Again, Generative AI chat tools like ChatGPT are making up content based on what they’ve learned over time. It is not storing and collecting such data. It is not retrieving data that it has stored. Many people seem to think that ChatGPT is somehow the front end for a database, or the equivalent of a search engine.

It is not.

It is a digital guessing machine, trained on tons of written works. So, when you prompt it, it is probabilistically guessing at what it can say to respond in a reasonable, understandable manner. It’s predictive text on steroids. But it’s not grabbing data from a database. This is why it does silly things like make up legal cases that don’t exist. It’s not because it has bad data in its database. It’s because it’s making stuff up as it goes based on what “sounds” right.

And, yes, there are some cases where it seems closer to storing data, in that the nature of the training and the probabilistic engine is that it effectively has a very lossy compression algorithm that allows it to sometimes recreate data that closely approximates the original, but that’s still not the same thing as storing data in a database, and in the example used by noyb — a random person’s birthday — that’s simply not the kind of data that is at issue here.
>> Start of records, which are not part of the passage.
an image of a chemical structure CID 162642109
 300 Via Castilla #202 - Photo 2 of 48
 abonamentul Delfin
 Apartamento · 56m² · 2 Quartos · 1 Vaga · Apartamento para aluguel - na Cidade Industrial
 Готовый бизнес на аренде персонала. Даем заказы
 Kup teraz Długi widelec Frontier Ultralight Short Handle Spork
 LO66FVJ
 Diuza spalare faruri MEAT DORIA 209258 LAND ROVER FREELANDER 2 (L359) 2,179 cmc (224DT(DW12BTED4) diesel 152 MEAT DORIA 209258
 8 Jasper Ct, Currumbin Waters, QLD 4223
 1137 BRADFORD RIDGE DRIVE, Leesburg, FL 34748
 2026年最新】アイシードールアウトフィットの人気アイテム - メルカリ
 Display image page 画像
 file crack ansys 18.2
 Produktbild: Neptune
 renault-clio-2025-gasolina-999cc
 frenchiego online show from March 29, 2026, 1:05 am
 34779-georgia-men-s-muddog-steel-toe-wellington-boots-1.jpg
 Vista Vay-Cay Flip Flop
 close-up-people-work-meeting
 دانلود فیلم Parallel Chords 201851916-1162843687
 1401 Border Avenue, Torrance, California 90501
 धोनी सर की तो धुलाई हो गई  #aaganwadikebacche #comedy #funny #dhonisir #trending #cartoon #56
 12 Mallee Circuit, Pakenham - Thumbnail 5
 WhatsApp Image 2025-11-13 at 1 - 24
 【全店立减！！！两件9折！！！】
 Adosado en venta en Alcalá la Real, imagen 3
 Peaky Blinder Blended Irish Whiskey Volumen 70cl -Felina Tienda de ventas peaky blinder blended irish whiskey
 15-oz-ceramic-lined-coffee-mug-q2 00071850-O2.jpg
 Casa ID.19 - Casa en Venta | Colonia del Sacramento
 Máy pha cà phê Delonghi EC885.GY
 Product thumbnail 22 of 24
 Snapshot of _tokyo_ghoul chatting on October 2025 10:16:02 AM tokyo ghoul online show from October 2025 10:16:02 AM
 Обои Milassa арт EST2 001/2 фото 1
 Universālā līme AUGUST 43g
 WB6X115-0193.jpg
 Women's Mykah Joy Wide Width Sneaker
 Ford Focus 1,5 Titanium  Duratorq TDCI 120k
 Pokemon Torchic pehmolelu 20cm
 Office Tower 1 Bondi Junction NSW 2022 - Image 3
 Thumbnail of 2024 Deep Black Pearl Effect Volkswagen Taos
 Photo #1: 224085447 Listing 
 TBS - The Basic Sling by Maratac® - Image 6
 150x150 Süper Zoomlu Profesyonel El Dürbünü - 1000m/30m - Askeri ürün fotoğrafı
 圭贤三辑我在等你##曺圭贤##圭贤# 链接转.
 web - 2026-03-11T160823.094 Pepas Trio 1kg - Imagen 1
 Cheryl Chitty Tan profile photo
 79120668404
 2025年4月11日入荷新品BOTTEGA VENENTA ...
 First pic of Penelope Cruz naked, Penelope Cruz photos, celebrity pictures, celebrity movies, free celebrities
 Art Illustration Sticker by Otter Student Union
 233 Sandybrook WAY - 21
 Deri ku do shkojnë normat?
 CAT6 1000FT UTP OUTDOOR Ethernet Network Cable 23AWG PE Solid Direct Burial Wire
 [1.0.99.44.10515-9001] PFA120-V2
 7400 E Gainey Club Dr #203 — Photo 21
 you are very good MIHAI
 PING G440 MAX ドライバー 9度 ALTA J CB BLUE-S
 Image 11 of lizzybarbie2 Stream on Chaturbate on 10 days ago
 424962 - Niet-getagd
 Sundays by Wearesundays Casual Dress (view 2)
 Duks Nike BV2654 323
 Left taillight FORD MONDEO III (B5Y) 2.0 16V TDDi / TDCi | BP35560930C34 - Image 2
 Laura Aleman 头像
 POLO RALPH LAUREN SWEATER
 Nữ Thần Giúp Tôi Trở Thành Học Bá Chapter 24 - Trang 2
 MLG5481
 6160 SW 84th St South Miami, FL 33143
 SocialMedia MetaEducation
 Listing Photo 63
Yet, noyb’s complaint is that ChatGPT can’t tell you what data it has on people (because it doesn’t “have data” on people) and that it can’t correct mistakes (because there’s nothing to “correct” since it’s not pulling what it writes from a database that can be corrected).

The complaint is kind of like saying that if you ask a friend of yours about someone else, and they repeat some false information, arguing that that friend is required under the GDPR to explain why they said what they said and to “correct” what is wrong.

But noyb insists this is true for ChatGPT.

Simply making up data about individuals is not an option. This is very much a structural problem. According to a recent New York Times report, “chatbots invent information at least 3 percent of the time – and as high as 27 percent”. To illustrate this issue, we can take a look at the complainant (a public figure) in our case against OpenAI. When asked about his birthday, ChatGPT repeatedly provided incorrect information instead of telling users that it doesn’t have the necessary data.

If this is actually a violation of the GDPR, noyb’s real complaint is with the GDPR, not with ChatGPT. Again, this only makes sense for an app that is storing and retrieving data.

But that’s not what’s happening. ChatGPT is probabilistically guessing at what to respond with.

No GDPR rights for individuals captured by ChatGPT? Despite the fact that the complainant’s date of birth provided by ChatGPT is incorrect, OpenAI refused his request to rectify or erase the data, arguing that it wasn’t possible to correct data.

There is no data to correct. This is just functionally wrong. It’s like filing a complaint against an orange for not being an apple. It’s just a fundamentally different kind of service.

Now, there are some attempts at generative AI tools that do store data. The hot topic in the generative AI world these days is RAGs, “retrieval augmented generation,” in which an AI is also “retrieving” data from some sort of database. noyb’s complaint would make more sense if it found a RAG that was returning false information. In such a scenario, the complaint would fit.

But when we’re talking about a regular old generative AI model without retrieval capabilities, it makes no sense at all.

If noyb honestly thinks that what ChatGPT is doing is violating the GDPR, then there are only two possibilities: (1) noyb has no idea what it’s talking about here or (2) the GDPR is even more silly than we’ve argued in the past, and all noyb is doing is trolling to make that clear by filing a laughably silly complaint that exposes how poorly fit the GDPR is to the technology in our lives today.